According to McKinsey & Co, the online revolution is expected to boost productivity, creating 46 million new jobs in China by 2025, many of them higher-skilled. The losers will be as many as 31 million traditional roles.
While such creative destruction is a global phenomenon, its speed and scale in China is unparalleled, believes Cao Lei, director of Hangzhou-based China E-commerce Research Centre, a private research agency. “The Internet helps improve productivity and efficiency, but it can be quite painful for traditional businesses. Bookstores fail first followed by clothing chains, consumer electronics stores and air-ticket booking offices. And in the future, bank branches and other traditional services facilities may fail as well,” Lei adds.
The shift online could contribute up to 22% of the nation’s productivity growth by 2025, accounting for 7-to-22% of the total increase in GDP from 2013-25, indicates McKinsey. By 2025 that could translate into as much as $2.2 trillion in China’s annual GDP.

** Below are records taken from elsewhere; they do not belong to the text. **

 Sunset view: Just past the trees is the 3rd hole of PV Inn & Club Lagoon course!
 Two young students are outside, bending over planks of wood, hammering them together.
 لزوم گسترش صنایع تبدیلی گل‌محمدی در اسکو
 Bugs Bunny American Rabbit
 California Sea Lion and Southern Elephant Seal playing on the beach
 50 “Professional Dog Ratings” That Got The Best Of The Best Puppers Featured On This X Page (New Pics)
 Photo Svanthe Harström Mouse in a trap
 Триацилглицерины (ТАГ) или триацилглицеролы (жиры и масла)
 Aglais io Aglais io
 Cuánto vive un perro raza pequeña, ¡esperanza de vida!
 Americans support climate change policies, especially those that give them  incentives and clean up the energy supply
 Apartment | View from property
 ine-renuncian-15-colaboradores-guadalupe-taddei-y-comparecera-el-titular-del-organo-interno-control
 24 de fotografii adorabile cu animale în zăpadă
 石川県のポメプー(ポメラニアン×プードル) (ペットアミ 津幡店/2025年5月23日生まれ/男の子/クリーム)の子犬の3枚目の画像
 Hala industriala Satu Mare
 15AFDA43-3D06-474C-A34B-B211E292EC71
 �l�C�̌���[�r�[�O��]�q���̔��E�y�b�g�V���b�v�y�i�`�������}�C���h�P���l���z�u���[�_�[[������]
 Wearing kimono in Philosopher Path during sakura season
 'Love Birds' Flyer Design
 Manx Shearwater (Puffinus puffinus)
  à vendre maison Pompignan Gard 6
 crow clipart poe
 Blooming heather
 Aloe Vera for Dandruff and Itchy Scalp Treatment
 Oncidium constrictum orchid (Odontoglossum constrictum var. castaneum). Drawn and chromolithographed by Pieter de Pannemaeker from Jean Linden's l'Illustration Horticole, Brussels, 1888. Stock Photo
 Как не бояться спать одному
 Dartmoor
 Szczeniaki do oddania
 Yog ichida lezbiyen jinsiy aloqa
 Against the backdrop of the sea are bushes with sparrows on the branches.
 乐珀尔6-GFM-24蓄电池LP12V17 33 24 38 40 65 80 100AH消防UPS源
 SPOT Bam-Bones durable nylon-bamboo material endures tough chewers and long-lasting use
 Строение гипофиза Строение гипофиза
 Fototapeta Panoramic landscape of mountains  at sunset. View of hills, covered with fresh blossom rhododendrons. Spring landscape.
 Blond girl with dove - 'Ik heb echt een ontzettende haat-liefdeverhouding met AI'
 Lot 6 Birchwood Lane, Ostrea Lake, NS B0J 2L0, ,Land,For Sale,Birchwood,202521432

Clashes between the old and new economies are set to intensify, forecasts Ouyang Rihui, deputy dean at the Academy of Internet Economy, a research agency within the Central University of Finance and Economics in Beijing, adding that the loss of retailers is just the beginning of the effect of technology on jobs. “The real challenge for China will be at the front-end of production — imagine a day when most manufacturing is automated. At the end of the day, the new economy will win,” Rihui concludes.